Пророчества Мухаммада раннего этапа ислама (с 610 г. и до его смерти в 632 г.) позитивно (как правило) и с адекватным пониманием сути воспринимались современниками – иудеями и христианами – по простой причине.

Пророк, живой человек из мирян, доходчиво убеждал, что видит свою миссию в повторении, уточнении, в письменном запечатлении и очищении до завершенности постулатов своих предтеч – библейских пророков. Идея «законченности» предназначалась для мусульман – сподвижников Мухаммада, но также понималась и – в определенной мере (в части мессианского, постоянно ожидаемого появления некоей личности-мессии) – разделялась местными иудо-христианскими общинами.

Преследования со стороны арабов-соплеменников вызвали хиджру – переселение в 622 году от Рождества Христова сподвижников Мухаммада из Мекки в Медину. Желание обособиться от соседствующих племен – кланов, исповедующих иудаизм в Медине и дальше от нее, от враждебных монотеизму Мухаммада по меркантильным больше, чем по каким-либо другим соображениям соседей (как арабов, так и неарабов) наравне с безусловной заинтересованностью ряда вождей – соседей нового пророка в прагматической ценности очередного провозглашения (сколько их было в том плотно населенном обитаемом мире!) определили два характерных, на мой взгляд, признака организации исламского сообщества, кстати, упоминаемых Гюленом.

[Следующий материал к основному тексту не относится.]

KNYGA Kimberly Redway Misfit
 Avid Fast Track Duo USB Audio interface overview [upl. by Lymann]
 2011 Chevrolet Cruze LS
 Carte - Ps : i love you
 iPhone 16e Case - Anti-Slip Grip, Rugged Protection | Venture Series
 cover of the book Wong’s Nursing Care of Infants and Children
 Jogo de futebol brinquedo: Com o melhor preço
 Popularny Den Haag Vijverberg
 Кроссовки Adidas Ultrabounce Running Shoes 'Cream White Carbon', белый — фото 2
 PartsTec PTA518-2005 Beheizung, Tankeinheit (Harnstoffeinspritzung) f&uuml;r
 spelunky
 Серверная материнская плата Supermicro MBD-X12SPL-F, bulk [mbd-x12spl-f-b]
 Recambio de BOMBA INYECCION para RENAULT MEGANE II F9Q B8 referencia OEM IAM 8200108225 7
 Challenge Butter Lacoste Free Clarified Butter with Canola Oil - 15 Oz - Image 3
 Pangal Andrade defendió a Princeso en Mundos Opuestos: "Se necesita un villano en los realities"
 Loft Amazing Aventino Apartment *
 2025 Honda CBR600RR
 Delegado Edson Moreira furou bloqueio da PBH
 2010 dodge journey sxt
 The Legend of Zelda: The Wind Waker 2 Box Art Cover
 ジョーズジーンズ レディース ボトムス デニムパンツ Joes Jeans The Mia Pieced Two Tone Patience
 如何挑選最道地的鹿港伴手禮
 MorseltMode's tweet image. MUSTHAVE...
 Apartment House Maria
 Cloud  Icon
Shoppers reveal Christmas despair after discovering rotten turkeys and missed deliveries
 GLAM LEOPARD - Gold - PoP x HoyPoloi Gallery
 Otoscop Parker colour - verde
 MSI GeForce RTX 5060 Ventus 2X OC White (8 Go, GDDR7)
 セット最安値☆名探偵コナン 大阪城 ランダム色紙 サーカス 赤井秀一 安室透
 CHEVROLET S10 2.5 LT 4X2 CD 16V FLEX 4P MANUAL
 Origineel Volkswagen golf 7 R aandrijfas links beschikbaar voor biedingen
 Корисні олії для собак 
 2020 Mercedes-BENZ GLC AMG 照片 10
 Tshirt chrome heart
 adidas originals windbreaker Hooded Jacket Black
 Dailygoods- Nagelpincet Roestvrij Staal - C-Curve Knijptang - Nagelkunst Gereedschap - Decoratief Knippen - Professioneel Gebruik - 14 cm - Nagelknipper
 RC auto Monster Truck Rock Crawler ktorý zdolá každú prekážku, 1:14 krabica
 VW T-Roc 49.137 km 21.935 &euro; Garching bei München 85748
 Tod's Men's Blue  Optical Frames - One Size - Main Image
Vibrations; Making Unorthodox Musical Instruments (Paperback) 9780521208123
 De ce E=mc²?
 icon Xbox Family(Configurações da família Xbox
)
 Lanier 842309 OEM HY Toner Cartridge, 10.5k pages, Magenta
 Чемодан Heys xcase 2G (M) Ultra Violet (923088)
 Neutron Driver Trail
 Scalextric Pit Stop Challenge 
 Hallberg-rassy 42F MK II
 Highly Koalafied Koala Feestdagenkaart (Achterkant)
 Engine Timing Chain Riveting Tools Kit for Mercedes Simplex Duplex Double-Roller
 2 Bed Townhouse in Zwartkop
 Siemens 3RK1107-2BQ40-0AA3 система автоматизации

Я говорю – два, считая их важнейшими (и сохраняющимися в XXI веке в полноте) во взаимоотношениях с немусульманским миром. Во-первых, это идея уммы, т.е. особого и вполне завершенного в социальном, идеологическом и политическом отношении сообщества. Во-вторых – идея деления обитаемого мира на неравновесные части: «земля ислама» и «земля остального мира». Отношения между ними формируются социальным и политическим договором, который предлагается и формулируется именно исламской стороной. Тогда соблюдение такового договора обязательно и свято для исламской уммы и ее руководителей.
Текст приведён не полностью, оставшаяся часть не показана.